Fifteen years after their oneseason run of “The Flash” on CBS, they have returned to DC Comics’ scarlet speedster.
Bilson and DeMeo, who have been writing partners since college in California, created “The Flash,” “The Sentinel” and other television shows and wrote “The Rocketeer” for the big screen. More recently, they have written and developed video games for Electronic Arts. Now they’ve returned to “linear fiction,” as Bilson puts it, writing two comic-book series for DC: “The Flash: Fastest Man Alive” and the upcoming “Red Menace.”
“The Flash” was the first to hit stands: The series launched in June. But it wasn’t until after the deal to write “Red Menace” was made that Bilson and DeMeo got a call from DC asking if they’d be interested in writing “The Flash.”
“I’m sure that somebody thought, well, it would be kind of a cool idea to have the guys that did the TV show back in the day write the book,” Bilson said.
He and DeMeo have great affection for the character of the Flash and for DC in general, Bilson said. “It was very easy for us to say yes.”

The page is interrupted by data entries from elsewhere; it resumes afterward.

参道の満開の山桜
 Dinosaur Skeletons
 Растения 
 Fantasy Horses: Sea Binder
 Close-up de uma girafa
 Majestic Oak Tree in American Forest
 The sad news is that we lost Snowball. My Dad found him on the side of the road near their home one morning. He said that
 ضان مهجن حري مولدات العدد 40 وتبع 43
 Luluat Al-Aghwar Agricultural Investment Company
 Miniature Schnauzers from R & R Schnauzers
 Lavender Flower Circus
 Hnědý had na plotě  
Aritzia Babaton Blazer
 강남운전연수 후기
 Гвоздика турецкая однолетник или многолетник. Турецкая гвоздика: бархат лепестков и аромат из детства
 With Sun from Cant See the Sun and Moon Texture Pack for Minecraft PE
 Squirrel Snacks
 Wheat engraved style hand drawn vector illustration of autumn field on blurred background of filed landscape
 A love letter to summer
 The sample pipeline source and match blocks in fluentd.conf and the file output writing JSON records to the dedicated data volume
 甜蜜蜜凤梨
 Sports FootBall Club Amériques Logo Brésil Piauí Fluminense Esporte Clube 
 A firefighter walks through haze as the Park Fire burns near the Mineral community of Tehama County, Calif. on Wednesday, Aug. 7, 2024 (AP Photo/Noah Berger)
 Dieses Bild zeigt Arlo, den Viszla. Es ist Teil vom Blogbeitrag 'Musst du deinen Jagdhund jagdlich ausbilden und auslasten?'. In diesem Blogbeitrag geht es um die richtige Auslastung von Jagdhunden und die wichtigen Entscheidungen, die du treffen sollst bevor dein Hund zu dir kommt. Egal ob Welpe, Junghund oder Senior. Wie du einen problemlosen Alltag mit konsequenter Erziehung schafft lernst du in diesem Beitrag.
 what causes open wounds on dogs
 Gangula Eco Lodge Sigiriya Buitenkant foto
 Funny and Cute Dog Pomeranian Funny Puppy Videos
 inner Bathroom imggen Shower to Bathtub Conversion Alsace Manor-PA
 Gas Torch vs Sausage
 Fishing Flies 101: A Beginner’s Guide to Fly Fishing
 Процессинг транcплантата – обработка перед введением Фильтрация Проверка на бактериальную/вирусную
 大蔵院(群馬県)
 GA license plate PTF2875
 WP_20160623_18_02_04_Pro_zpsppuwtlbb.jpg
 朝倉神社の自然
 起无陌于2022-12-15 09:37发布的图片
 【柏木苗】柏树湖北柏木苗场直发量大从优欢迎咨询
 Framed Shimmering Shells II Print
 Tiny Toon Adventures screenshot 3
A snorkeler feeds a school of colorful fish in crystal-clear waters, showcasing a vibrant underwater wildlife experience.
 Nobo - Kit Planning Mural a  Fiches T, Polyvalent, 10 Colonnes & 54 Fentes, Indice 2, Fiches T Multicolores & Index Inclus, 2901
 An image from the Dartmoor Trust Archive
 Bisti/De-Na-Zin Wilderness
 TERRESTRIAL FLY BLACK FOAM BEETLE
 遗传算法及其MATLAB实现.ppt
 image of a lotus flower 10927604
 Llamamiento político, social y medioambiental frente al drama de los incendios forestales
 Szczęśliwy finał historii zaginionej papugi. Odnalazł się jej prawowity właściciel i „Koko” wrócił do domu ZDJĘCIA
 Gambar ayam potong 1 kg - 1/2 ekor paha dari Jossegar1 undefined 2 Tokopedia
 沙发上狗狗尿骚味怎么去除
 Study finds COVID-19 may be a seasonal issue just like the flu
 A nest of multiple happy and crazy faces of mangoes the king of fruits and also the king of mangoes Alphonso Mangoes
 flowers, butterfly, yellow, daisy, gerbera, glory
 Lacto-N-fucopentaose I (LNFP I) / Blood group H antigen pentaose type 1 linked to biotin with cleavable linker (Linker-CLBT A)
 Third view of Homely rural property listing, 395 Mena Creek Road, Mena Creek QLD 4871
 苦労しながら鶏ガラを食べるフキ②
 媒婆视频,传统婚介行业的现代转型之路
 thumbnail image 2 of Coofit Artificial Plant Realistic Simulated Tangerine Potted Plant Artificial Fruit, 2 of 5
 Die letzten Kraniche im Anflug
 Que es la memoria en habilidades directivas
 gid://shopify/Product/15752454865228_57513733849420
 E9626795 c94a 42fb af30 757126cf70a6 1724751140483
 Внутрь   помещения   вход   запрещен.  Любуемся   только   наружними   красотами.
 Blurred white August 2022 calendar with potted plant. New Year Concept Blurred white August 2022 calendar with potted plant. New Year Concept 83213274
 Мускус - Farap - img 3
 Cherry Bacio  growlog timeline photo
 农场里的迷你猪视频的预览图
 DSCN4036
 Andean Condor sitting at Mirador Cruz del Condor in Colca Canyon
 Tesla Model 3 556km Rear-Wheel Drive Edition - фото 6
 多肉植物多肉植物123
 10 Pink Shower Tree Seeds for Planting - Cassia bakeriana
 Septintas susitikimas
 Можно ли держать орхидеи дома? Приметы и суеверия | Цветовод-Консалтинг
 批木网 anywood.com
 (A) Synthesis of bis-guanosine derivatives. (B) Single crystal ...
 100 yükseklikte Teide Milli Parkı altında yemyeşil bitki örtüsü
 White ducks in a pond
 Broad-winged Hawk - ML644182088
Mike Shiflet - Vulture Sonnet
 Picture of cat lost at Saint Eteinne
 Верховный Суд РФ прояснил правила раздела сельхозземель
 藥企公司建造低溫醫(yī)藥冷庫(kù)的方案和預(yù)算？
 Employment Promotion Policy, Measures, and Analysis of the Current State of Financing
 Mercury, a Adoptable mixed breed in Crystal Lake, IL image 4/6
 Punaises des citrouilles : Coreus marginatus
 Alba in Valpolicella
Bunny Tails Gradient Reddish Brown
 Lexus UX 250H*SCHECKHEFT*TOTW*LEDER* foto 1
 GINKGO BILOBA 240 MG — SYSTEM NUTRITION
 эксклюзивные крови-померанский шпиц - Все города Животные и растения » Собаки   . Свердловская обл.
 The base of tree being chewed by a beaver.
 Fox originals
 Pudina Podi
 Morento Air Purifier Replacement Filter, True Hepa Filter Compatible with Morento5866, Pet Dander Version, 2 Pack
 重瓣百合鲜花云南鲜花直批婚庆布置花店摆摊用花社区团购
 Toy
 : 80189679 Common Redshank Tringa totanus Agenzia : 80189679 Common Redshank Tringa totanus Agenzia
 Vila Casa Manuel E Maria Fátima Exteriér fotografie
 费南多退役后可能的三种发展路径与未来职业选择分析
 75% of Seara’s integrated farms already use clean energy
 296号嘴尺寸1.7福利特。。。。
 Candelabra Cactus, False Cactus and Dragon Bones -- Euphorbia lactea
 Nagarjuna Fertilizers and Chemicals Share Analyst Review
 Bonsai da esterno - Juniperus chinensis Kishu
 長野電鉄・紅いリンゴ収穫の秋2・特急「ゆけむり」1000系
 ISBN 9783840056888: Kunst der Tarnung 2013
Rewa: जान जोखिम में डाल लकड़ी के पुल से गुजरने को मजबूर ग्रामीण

 The two had some homework to do, though. The TV series, which was released on DVD at the start of this year, featured police scientist Barry Allen as the Flash. In the comics, there has been a succession of Flashes: “The Flash: Fastest Man Alive” establishes Bart Allen, the grandson of Barry, as the latest scarlet-clad hero to race down crime.
“We definitely had a lot of catching up to do because we hadn’t been reading ‘The Flash’ in a long time,” Bilson said. And Bart’s history is more than a bit convoluted: Born in the future and raised in a virtual-reality environment, he was then brought to the present and became Impulse, a young superhero known for leaping before looking. But he has grown up fast — literally — with the events of the recent “Infinite Crisis” miniseries aging him four years.
Bart, for now, is a reluctant hero. “He’s pretty scared about what’s going on with the speed force and his body and his lack of control and his aging and all of that,” Bilson said.
But look for Bart to embrace the role of hero as he recaptures some of his old spirit, Bilson said. “It hasn’t come into play yet in our books, but one of the things we like — and we’re going there — is there’s a certain joy in being the Flash. There’s a certain amount of joy in running fast and speeding past the villains.”
Bart will face villains old and new as the Flash. One of Bart’s former foes, Inertia, “is sort of lurking in the shadows,” Bilson said, and a favorite member of the Flash’s rogues gallery will bust out of prison and cause problems for Bart in an upcoming story arc.
Bilson expects their other title, “Red Menace,” to begin in November. A six-issue miniseries published by DC’s Wildstorm imprint and illustrated by Jerry Ordway, it’s set in the McCarthy era of the 1950s. It focuses on the Eagle, a hero who becomes blacklisted because of his alleged Communist ties, and a young man with powers who looks to the Eagle to mentor him.
For “Red Menace,” the writing duo has become a trio. Adam Brody, who plays comicbook geek Seth Cohen on Fox’s “The OC,” is helping write “Red Menace.” Brody is the onscreen and off-screen boyfriend of Bilson’s daughter, Rachel, who plays Summer on the TV series.
Bilson said Brody is a comicbook fan in real life, though not to the degree the character of Seth is. “It has been a really good collaboration,” Bilson said. “He’s really held up his own as a writer on this. He’s been an integral part of the writing process.”